Whenever okmeter agent sees an Sphinx running on a server, it will automatically define connection parameters and will collect detailed performance metrics. Here’s what agent will gather:

sphinx.query.count {query_type: “local|distributed”, instance: “Y”, source_hostname: “Z”}: — a count of server queries with regard to query type - local or distributed. Charted, these metrics allow to easily estimate cluster wide distribution of queries, ratio of local and distributed queries and see sudden spikes in Sphinx usage:
sphinx.query.total_time {query_type: “local|distributed”, instance: “Y”, source_hostname: “Z”}: — it’s a cumulative sum of time spent serving requests, again by local / distributed type.

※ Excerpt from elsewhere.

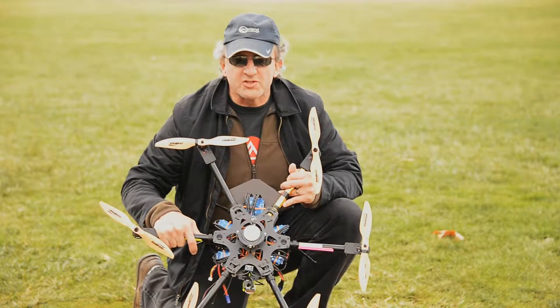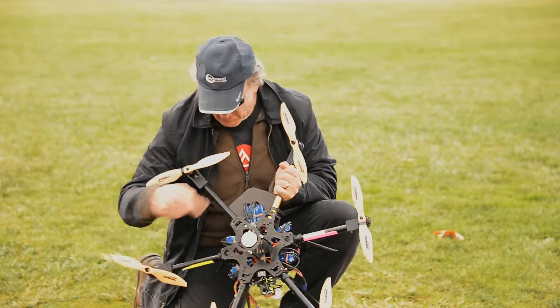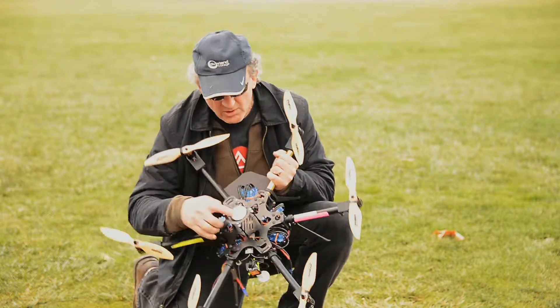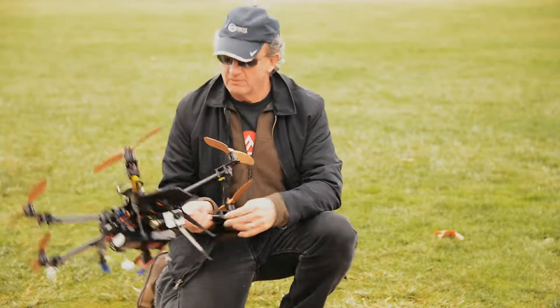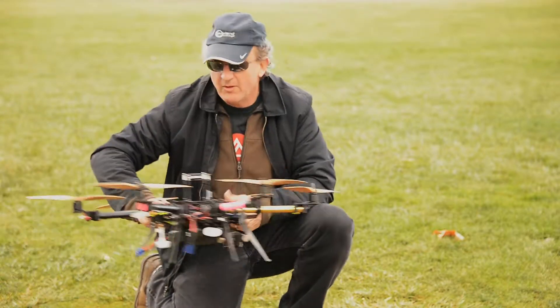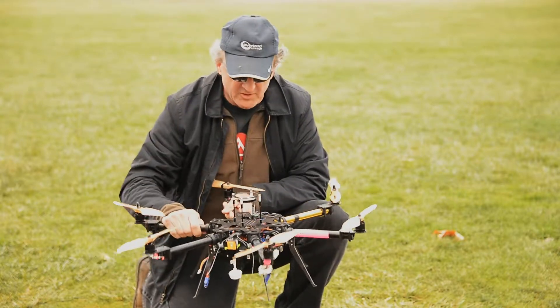This is a Century 660 hexacopter. Six motors, electronic speed controllers, GPS, computer, GoPro on a gimbal, and a radio receiver and transmitter to transmit the video.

A chart of that metric derivative shows which Sphinx instances running on which servers are the most loaded. If all the indexes fit into RAM, searchd (which is Sphinx daemon process) almost won’t need to access disk, and in that case this sphinx.query.total_time metric should be pretty close to the CPU time usage by searchd process, as we can see here: So by difference in those two charts one can easily identify, if searchd has enough RAM for operating on its maximum performance. If we divide sphinx.query.total_time derivative by sphinx.query.count, we’ll get a mean query time chart. And it allows to spot performance degradations very well, like here:
sphinx.query.time {query_type: “local|distributed”, "stage": "cpu|disk_read|wait", instance: “Y”, source_hostname: “Z”}: — is a cumulative sum of time spent in all the different stages of query handling process. For local queries there’s cpu and disk_read times, which are pretty self-explanatory. While for distributed queries wait time shows the amount of time spent waiting for remote cluster nodes to respond to query. Those metrics you’ll get if searchd is ran with --iostats --cpustats options (check the docs). These timing metrics are of a great help when one needs to analyse Sphinx resource usage, so one can carry performance optimizations with regards to pinpointed bottleneck.
sphinx.query.disk.ops.read {query_type: “local”, instance: “Y”, source_hostname: “Z”}: — that’s a cumulative sum of number of read operations performed by Sphinx while handling requests. To get this metric one should provide --iostats option while invoking searchd (check the docs). That metric allows to evaluate disks performance fitness to the current Sphinx load profile.
sphinx.index.memory.used {index: “x”, instance: “Y”, source_hostname: “Z”}: — the volume of memory used by each index. Allows to see which of the indexes occupy most of the memory:
sphinx.index.disk.used {index: “x”, instance: “Y”, source_hostname: “Z”}: — the amount of disk space used by each index.
sphinx.index.documents.count {index: “x”, instance: “Y”, source_hostname: “Z”}: — the number of documents in each index.
sphinx.index.documents.bytes {index: “x”, instance: “Y”, source_hostname: “Z”}: — is a total sum of sizes of all the original documents put in each index.
sphinx.uptime {instance: “Y”, source_hostname: “Z”}: — searchd uptime in seconds. With that one can detect Sphinx process restarts if any.
sphinx.connections.count {instance: “Y”, source_hostname: “Z”}: — shows the current number of incoming connections to the Sphinx instance Y of server Z.
sphinx.connections.overflows {instance: “Y”, source_hostname: “Z”}: — a counter of events, when the limit of concurrent connections to a Sphinx instance was reached. If you see a continuous growth of that counter, that means, that some of the client applications are getting connection errors from the service. In such a case one might consider increasing the limit.

In case one setup many Sphinx daemons to run on one server, and that might be a common case in containerized environment, all collected metrics will be labeled with instance label, which will contain either the IP:PORT pair of a listen socket of the corresponding Spingx process, or — in case of using containers — the corresponding container name. So in any case it will be possible to distinguish different searchd instances.

Okmeter agent will automatically collect all these metrics, and okmeter will provide you with a chart dashboard, so you will get a complete picture of the current Sphinx cluster state and performance.